On October 23rd, in response to a reader who asked, “Why is it okay to finance wars with debt, but not to pay for health care that way?” the NCCJS wrote [Via Glenn Greenwald]:
“All this assumes that defense and health care should be treated equally in the national budget. We would argue that they should not be . . . Universal health care, however desirable, is not “fundamental to the defense of our people.” Nor is it a “necessity” that it be adopted this year:Mr. Obama chose to propose a massive new entitlement at a time of historic budget deficits. In contrast, Gen. McChrystal believes that if reinforcements are not sent to Afghanistan in the next year, the war may be lost, with catastrophic consequences for U.S. interests in South Asia.U.S. soldiers would continue to die, without the prospect of defeating the Taliban. And, as Mr. Obama put it, “if left unchecked, the Taliban insurgency will mean an even larger safe haven from which al-Qaeda would plot to kill more Americans.” [emphasis by GG]
Greenwald’s post offers all the needed criticisms of that passage–namely, that the Post’s editors see war and so-called “nation building” in other countries as necessary, but providing Americans with basic services as a luxury. But, wait a minute, you’re saying. I thought you said Fred Hiatt loved and cared about the poor. HMMMMM.
Just for fun, let’s examine a few lines that Hiatt wrote today, about poor people, and his love of them.
“In a country as wealthy as America, no one should have to go without medical care.”
Ok, I’m with you there, Hiatt, my man. So, I assume this sentence will be followed with something like, “that’s why I support a Medicare-for-all system that removes the profit incentives from health care.”
Not exactly. What we get instead is his hand-wringing concern that providing even a small amount of increased services to the poor might actually kill those people somehow.
“Here is the dilemma: The bill also could take America a step closer to bankruptcy. And for progressives in particular — for those who believe that government has a mission to help the poor and protect the vulnerable — that prospect should be alarming. If federal debt continues rising on its present path, hastened by a $1 trillion health-care bill, it is the poor and vulnerable who will be most harmed.”

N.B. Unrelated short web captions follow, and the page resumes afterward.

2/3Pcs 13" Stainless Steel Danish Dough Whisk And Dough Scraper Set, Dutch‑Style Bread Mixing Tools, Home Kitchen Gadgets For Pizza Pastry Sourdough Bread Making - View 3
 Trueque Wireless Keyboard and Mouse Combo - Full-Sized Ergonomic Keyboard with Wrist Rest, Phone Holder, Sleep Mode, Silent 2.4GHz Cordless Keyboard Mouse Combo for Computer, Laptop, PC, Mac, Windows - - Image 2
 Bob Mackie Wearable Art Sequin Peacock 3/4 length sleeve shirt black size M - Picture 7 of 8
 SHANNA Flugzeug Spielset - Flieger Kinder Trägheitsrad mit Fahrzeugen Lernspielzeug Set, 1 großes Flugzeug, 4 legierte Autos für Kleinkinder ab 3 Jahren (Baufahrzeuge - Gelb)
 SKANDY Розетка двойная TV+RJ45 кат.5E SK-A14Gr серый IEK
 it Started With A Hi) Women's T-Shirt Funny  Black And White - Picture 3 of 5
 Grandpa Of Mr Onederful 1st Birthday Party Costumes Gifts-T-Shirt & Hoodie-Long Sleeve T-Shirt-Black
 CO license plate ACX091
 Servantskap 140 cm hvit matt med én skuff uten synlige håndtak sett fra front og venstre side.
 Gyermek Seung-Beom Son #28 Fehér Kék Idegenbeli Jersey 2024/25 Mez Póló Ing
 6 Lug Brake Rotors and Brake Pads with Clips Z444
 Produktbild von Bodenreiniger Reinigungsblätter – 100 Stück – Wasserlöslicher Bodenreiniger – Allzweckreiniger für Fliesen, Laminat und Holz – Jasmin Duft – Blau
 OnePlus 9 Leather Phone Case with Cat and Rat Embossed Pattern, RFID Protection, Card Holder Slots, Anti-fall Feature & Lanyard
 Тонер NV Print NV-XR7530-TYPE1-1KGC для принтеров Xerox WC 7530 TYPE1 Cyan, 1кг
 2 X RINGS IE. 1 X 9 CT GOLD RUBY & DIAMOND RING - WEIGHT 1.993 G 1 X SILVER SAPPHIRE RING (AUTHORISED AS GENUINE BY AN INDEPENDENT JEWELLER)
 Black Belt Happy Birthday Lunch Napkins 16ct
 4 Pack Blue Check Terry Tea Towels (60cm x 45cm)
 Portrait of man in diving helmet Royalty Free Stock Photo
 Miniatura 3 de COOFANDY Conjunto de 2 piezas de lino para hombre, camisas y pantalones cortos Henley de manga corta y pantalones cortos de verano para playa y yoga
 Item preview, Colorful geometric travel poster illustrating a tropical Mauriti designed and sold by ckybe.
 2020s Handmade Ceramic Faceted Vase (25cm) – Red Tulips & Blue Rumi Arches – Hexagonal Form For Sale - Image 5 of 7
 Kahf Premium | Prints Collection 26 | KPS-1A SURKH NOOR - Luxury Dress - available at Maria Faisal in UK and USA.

Look, hippies, if we want to “help the poor and vulnerable,” we simply CAN’T provide them with health care. No, if we really want to help the poor, we must continue to fund two endless wars whose combined costs may end up exceeding 3 trillion dollars. That is, after all, what the NCCJS, lead by Hiatt, explicitly endorse as “necessary” for Americans.
So, to briefly recap Hiatt’s position: we must not cripple the poor with debt by providing them with slightly expanded access to health care, but crippling them with debt from other types of spending that offer them no benefit whatsoever–ie, foreign wars and lemon socialism–is something All Serious People Can Agree On. Cool.